With three-quarters of Ireland’s marketing professionals having been involved in at least one advertising pitch within the past four years, the perils of the process are well known across the industry. For an agency, the worst-case scenario is investing time and money in a pitch, losing out and then seeing what looks very much like your idea surface anyway.
According to a survey commissioned by monthly trade bible Marketing.ie to celebrate its 25th birthday, seven in 10 (71 per cent) of marketers believe clients tend to use some of the ideas suggested by agencies that have not won the business. Of these, two-thirds (65 per cent) feel this is an unfair practice.
"Sometimes you do hear that ideas that have been presented in pitches do crop up again in campaigns in future years or months even," says Marketing.ie editor Michael Cullen.
Half of the 303 respondents to the survey, carried out for Marketing.ie by Behaviour & Attitudes, agree clients should pay agencies some sort of fee for pitching. Within this half, 60 per cent say payment should be made to all participating agencies, with 40 per cent of the view that a sum should be paid to the winning agency only.
The last finding is a surprise, says Cullen. “It would seem right to reward the agencies that lose out on the pitch – there should be some compensation for the time and effort put in. But for the victorious agency, I think the prize is winning the business.”

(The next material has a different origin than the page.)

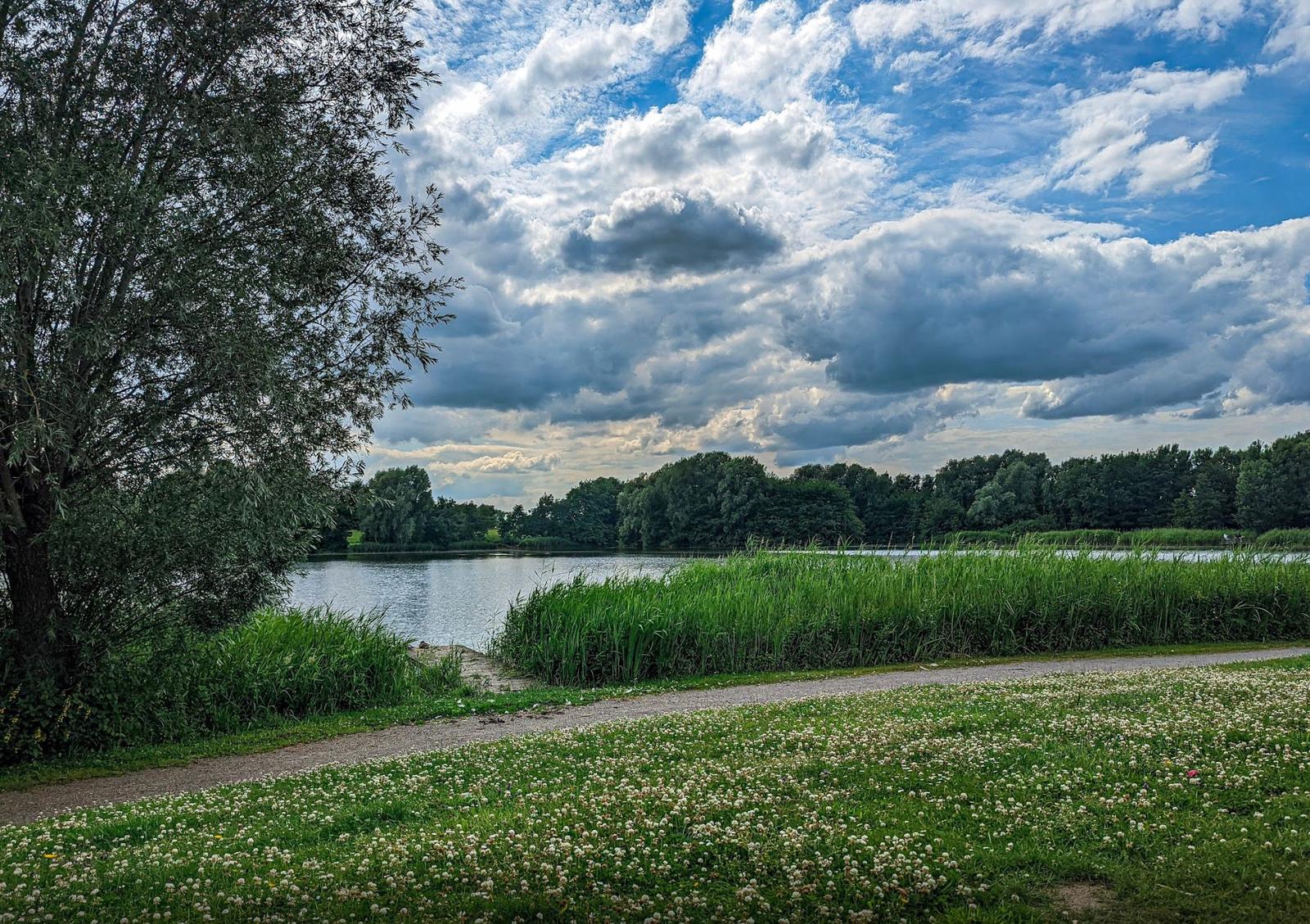 Path along a lake with grass and trees under a cloudy sky.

Two years ago, advertising body IAPI published a set of pitching guidelines in a bid to persuade clients to keep the number of agencies invited to pitch as low as possible – to make the odds of winning better and reduce the amount of wasted time.
“There seems to be far more compliance now,” says Cullen. On average, Irish marketers feel that between three and four is the ideal number of agencies to invite to pitch for business, with one of those typically being the incumbent agency bidding to retain its client.